The advantage of this method (over checking your credit report) is that you can see more specifically where you’re spending your money in some cases, like with your credit cards. Your credit report won’t itemize the $10 here, $20 there that you spent. Your credit card statements will.
Loan Paperwork
If you’ve taken out a loan of any kind, you should have been given paperwork to go with that loan. This is usually some sort of contract. The lending institution spells out the terms of the loan in the body of the paperwork somewhere. With this type of debt, you usually know up front how much each payment will be. The contract also tells you how many payments you need to make until you completely pay off your debt with that creditor.
Personal Loans/ Agreements
Nearly everyone has borrowed money from family and friends at some point in their lives. These loans may be among the easiest to get and also the most dangerous if you’re not careful. When you are working out your debt management plan, you need to include these debts in your plan. Nothing turns a relationship sour faster than an unpaid debt to a friend or family member.
2. Why are You in Debt?
Although debt may seem to sneak up on you, it’s rarely a surprise once you learn how to spot the patterns of debt in your life. Most people end up in debt due to bad spending habits.
Some debt, like your mortgage, is harder to avoid. However, there are some financial advisors, who believe that almost all debt should be avoided. In this line of thinking, you don’t purchase anything that you didn’t save up for. This includes cars, clothing, etc.
This approach to debt management helps consumers to avoid debt by helping them to bypass it. That is to say, they don’t purchase anything that they can’t pay cash for. But to embrace this debt-reduction strategy requires a recalibration of your thinking patterns. You need to know why you incurred the debt. It’s also necessary to start budgeting for items before you plan on purchasing them.
Here are some of the most common factors that lead people to acquiring debt:
Gaining Assets
You buy assets with your available credit. Some of these assets include your home and your car. In some cases, your education, which is intellectual capital and therefore, an asset, can also be included in this category.
Paying Monthly Bills
You pay bills using your credit card. This creates credit card debt, unless you pay off your balance each month. Some people who are very disciplined can do this. They use their credit cards so that they can take advantage of their creditors’ autopay function.
People who do this correctly will pay the bill in full once they get paid. Paying the card down to a zero balance allows them to avoid paying interest on their credit card balance. Using their card in this way allows them to build up reward points or frequent-flyer miles.

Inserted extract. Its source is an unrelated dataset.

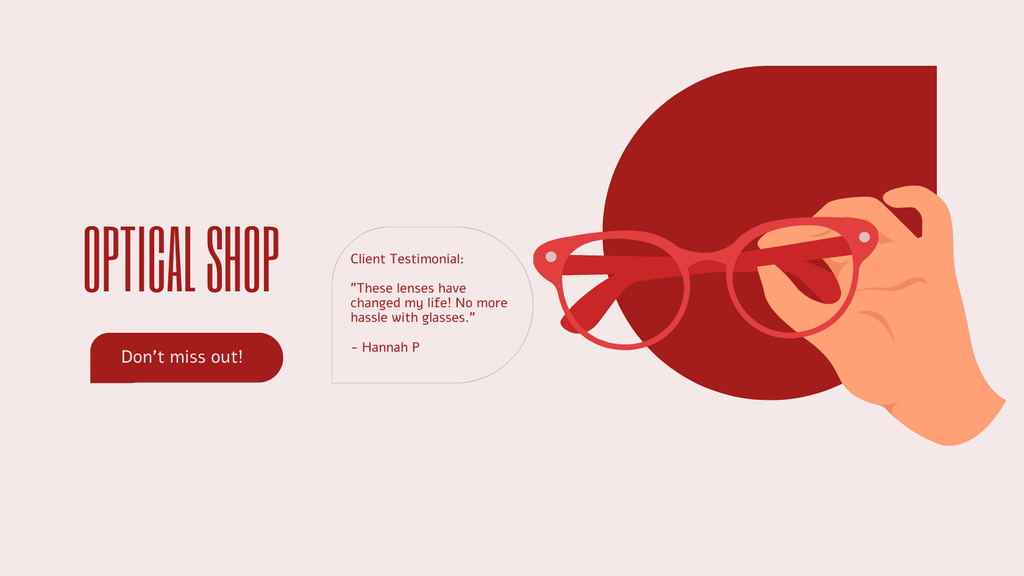 Template di design Customer Review of Optical Store Title 1680x945px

All of that said, if you use your credit cards to pay your utilities, then chances are good that you’ll end up with debt, unless you commit to paying down your balance each month.
Unexpected Mishaps and Emergencies
This one is an issue for many people. Emergencies can include a trip to the emergency room, a broken appliance, or to repair damage to your rain gutters after the last big storm. (A better way of dealing with this is to have money set aside - roughly $1,000 to $2,000 - that is specifically for emergencies.)
Buying Gifts and Other Items
People also use their credit cards to buy gifts around the holidays, to go out to dinner, or to buy new clothes. The issue with this, especially when it comes to gift-giving times, like the holidays or birthdays, is that people who pay for gifts this way could have avoided it. These holidays come at the same time each year, making it possible to save up for the gifts for these occasions rather than putting the purchases on your card.
3. Final Thoughts for Part 2
Debt has a way of sneaking up on you. You may end up in debt because you didn’t plan for an emergency, or a repair on your home, etc … Additionally, debt becomes your reality if you use your lines of credit to buy assets, pay bills, or to buy gifts. Finally, people get into debt for many reasons. To conquer debt, you must learn why you created it in the first place.